Mmh, so does this result in a higher chance of missing error-prone characters? Or are they assumed correct as they were verified on the first sub of the batch?

If you can find a font that distinguishes between l and I better than the one I use in the "l & I Spellcheck" step let me know.
Probably some font with serifes? Gonna try to find one.

Thunderbolt8
12th December 2011, 19:30
I could force all lines that begin with - (hyphen) to never have a space after the hyphen. It seems the safest way to achieve consistency. Em dash (long hyphen) would be treated similarly. I would italicize the hyphen to match the next character.you'd have to distinguish this from lines beginning with 2 hypens -- though, as occurs after a scene switch and someone is talking or the subs constantly switching back and forth between a conversation/one person talking and background speech of e.g. a TV:

00:16:34: When did he say he wants to come over?

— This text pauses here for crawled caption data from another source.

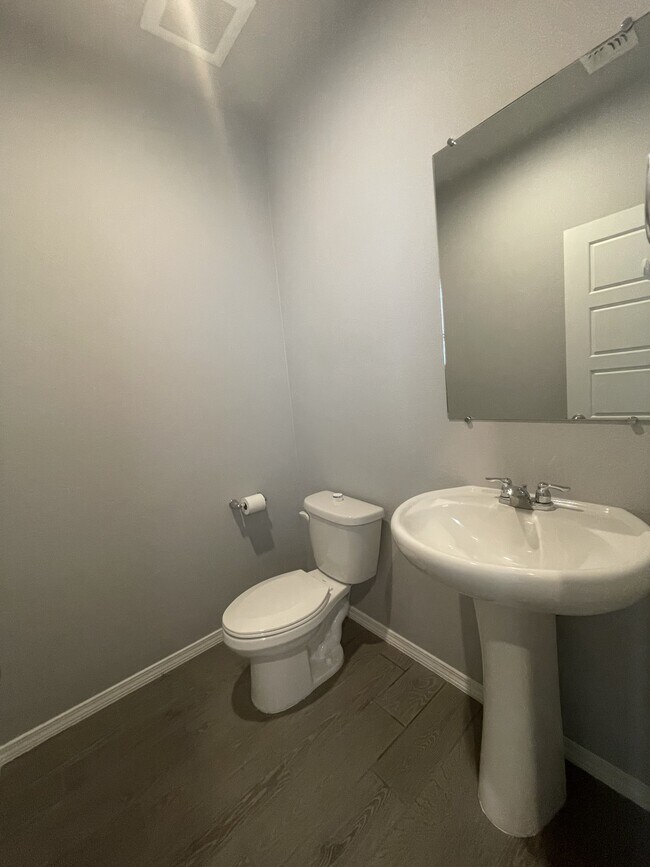 Foto del edificio - 4839 Blackburn Rd NE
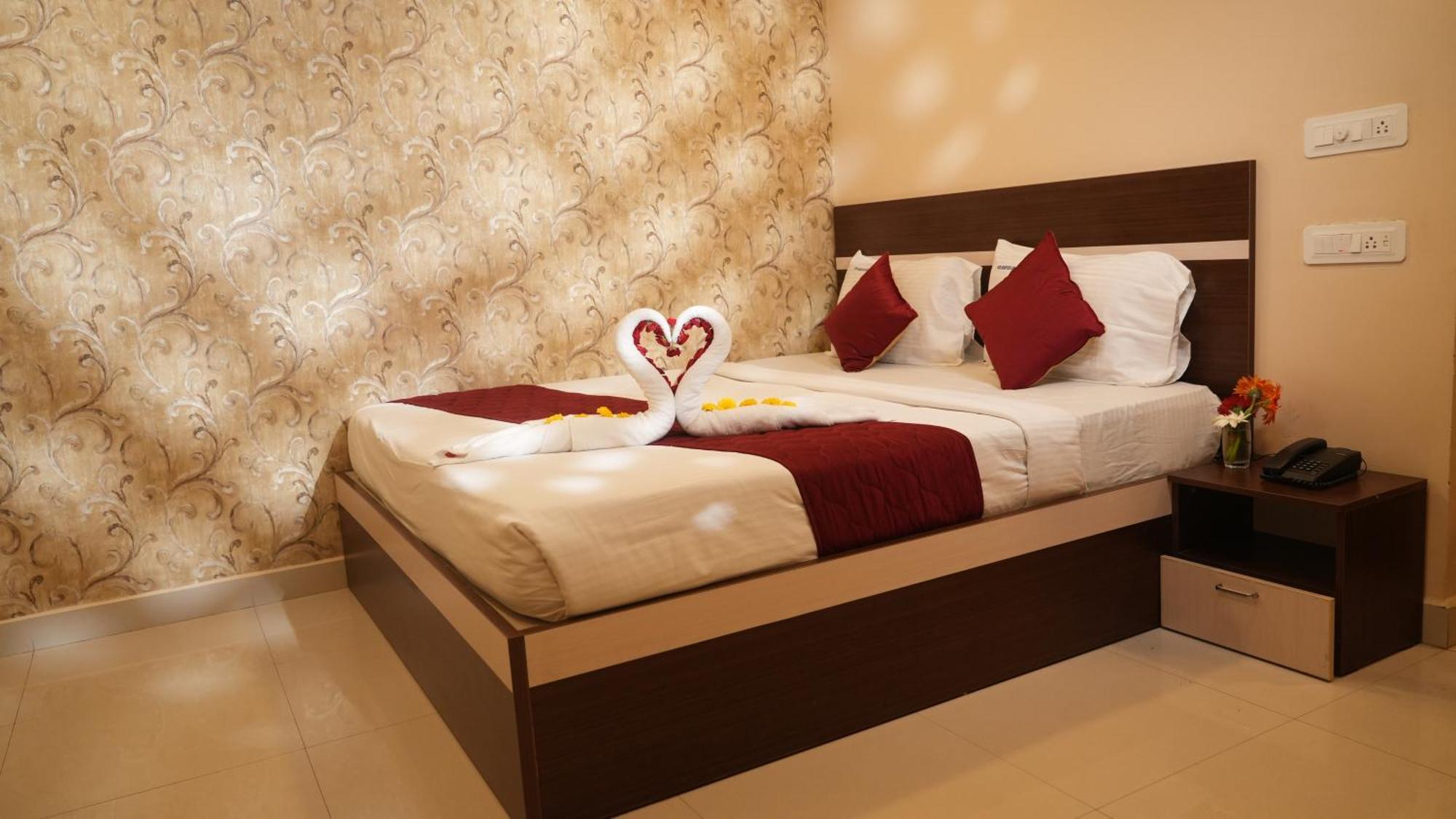 Hotel Mountview Comforts Tirupati Zewnętrze zdjęcie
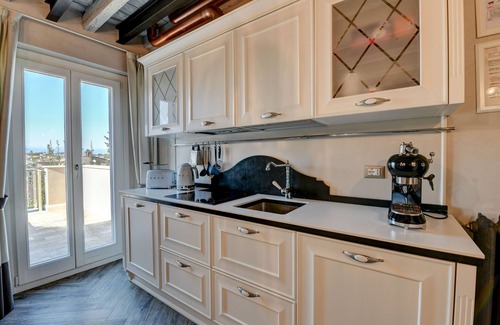 Desenzano del Garda City Centre Apartamento | DesenzanoLoft : La Vite Luxury Appartment 2 (CIR 017067 CNI 00319) .
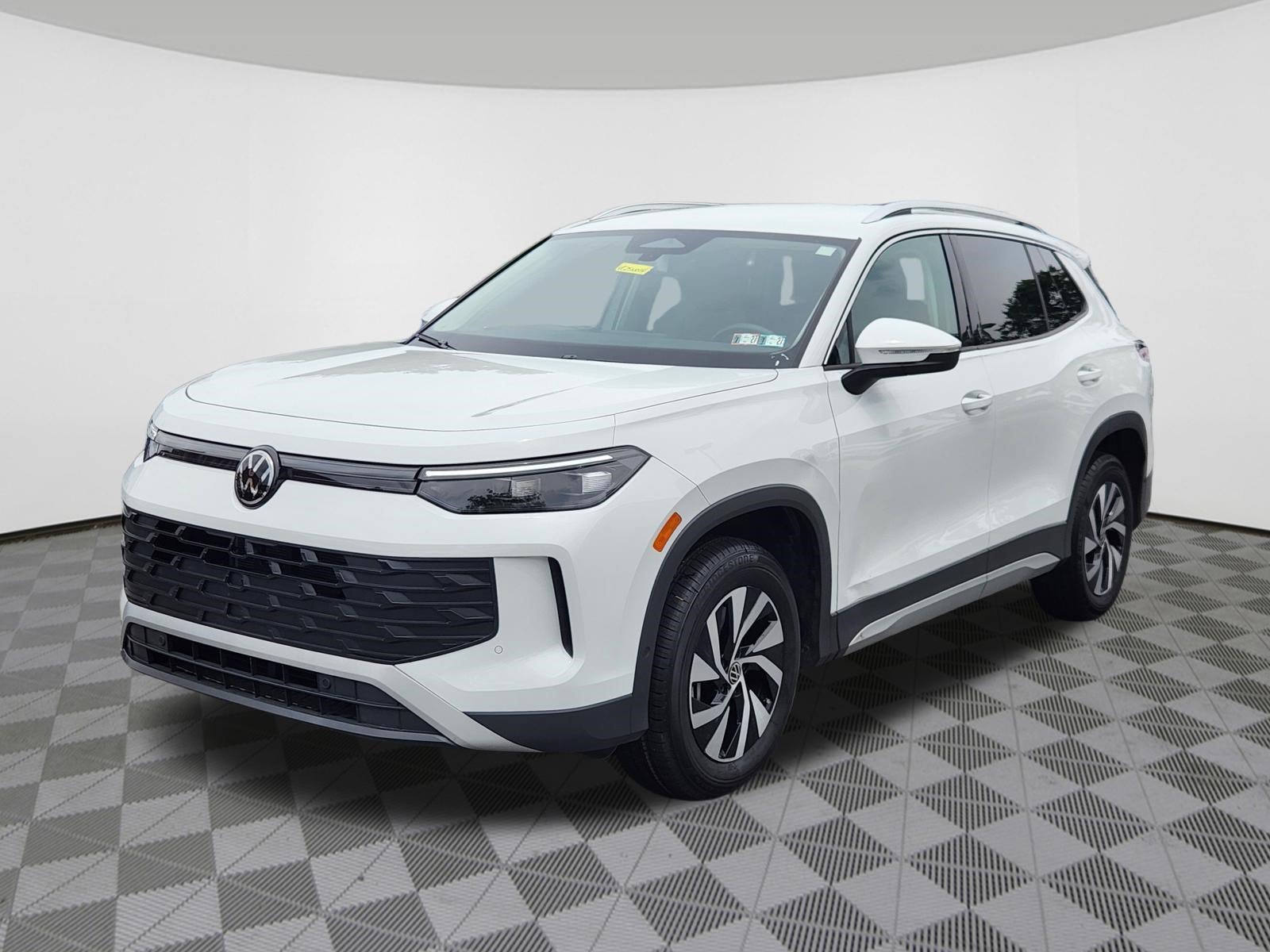 Certified 2025 Volkswagen Tiguan S AWD/4WD image 2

00:16:36: --wheather will be hot and cloudly
with some sunny spells in the morning and afternoon

(^^maybe also be italicised)

(dunno if that still happens, but theres also the case in which a line ends up with a double hyphen -- after SHD removal. at least this used to happen in former versions).

Tappen
12th December 2011, 19:48
Thunderbolt: yes, I'd have to watch for this case and apply the rule after 2 hyphens the same as after 1.

Some of the problem isn't in the OCR, since there are cases where I add hyphens but don't currently check the spacing on other lines in the sub to try to match it.

In any case, do you have a preference? There's no reason for us to keep the subtitle author's choice in this case; it's purely a style decision, not content.